What is the Elevator Game? The Elevator Game is a chilling urban legend and creepypasta ritual originating from Korean and Japanese folklore, where participants follow a precise sequence of elevator button presses to supposedly enter "another world" or dimension. Popularized online since around 2009, it blends supernatural horror with everyday building elevators, warning that mistakes could trap you forever. It's never been proven real but has inspired stories, videos, and debates across forums.

Core Rules

Play alone in a 10+ floor building at night for best effect (though anytime works). Here's the step-by-step ritual:

  1. Start on floor 1; press 4 (go to 4th floor).
  2. Press 2 (down to 2nd floor).
  3. Press 6 (up to 6th floor).
  4. Press 2 (back to 2nd floor).
  5. Press 10 (up to 10th floor).
  6. Press 5 (down to 5th floor). Key sign : If it goes to 10th unprompted earlier, you've entered the other world—everything turns gray, silent, and eerie.
  • Ignore anyone trying to enter; restart if they do (except a "woman in a red dress" on the 5th—don't speak or look at her).
  • To return: On 5th floor, face wall, press 1st floor repeatedly; elevator may shake violently.
  • Warnings : No photos/videos; speak to no one; leave immediately if successful.

Origins and Evolution

Traced to early 2000s Korean message boards, it evolved through three creepypasta stages: rule outline, personal "accounts," and rule-breaking "transgressions" for thrills.
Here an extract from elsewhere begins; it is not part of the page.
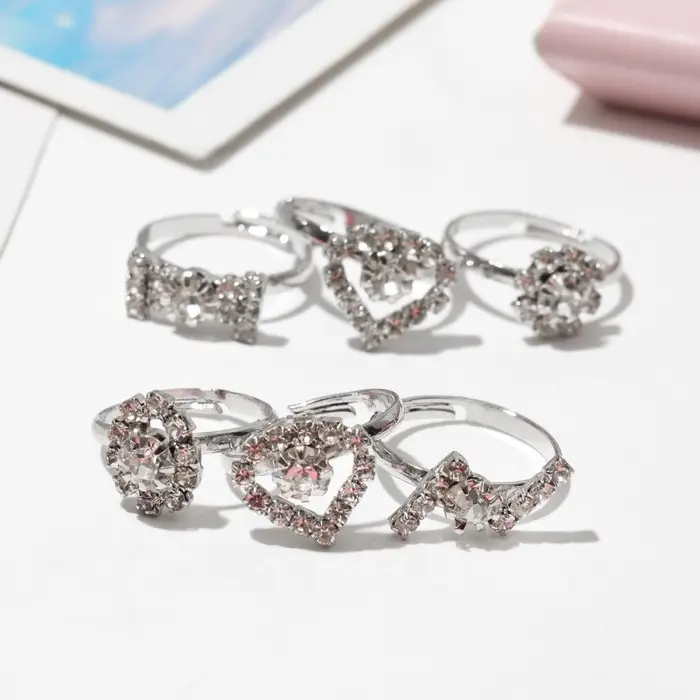 Кольцо &laquo;Выбражулька&raquo; королевское, форма МИКС, белое в серебре, безразмерное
A 2009 Gizmodo article amplified it globally, linking back to anonymous forum posts. By 2011, English versions spread on sites like Creepypasta.com.

"The first link... all the way back to this initial post which notably is in an embryonic form with many of the better-known rules... added as the discussion developed."

Real-Life Ties and Trending Buzz

Linked to Elisa Lam's 2013 Cecil Hotel death—security footage showed her erratic elevator behavior mirroring the ritual, fueling theories (though ruled accidental). No direct proof, but it sparked multi-viewpoints: skeptics call it coincidence; believers see supernatural hints.

In 2026, it's trending anew with horror games like Elevator (Steam, Dec 2025 sequel) and Kickstarter projects, blending comedy-horror with liminal spaces. Forums like D&D Beyond twist it into games; YouTubers test it for views.

TL;DR : A ritual game to "another world" via elevator sequence—fun creepypasta, but risky if real; stick to stories.

Information gathered from public forums or data available on the internet and portrayed here.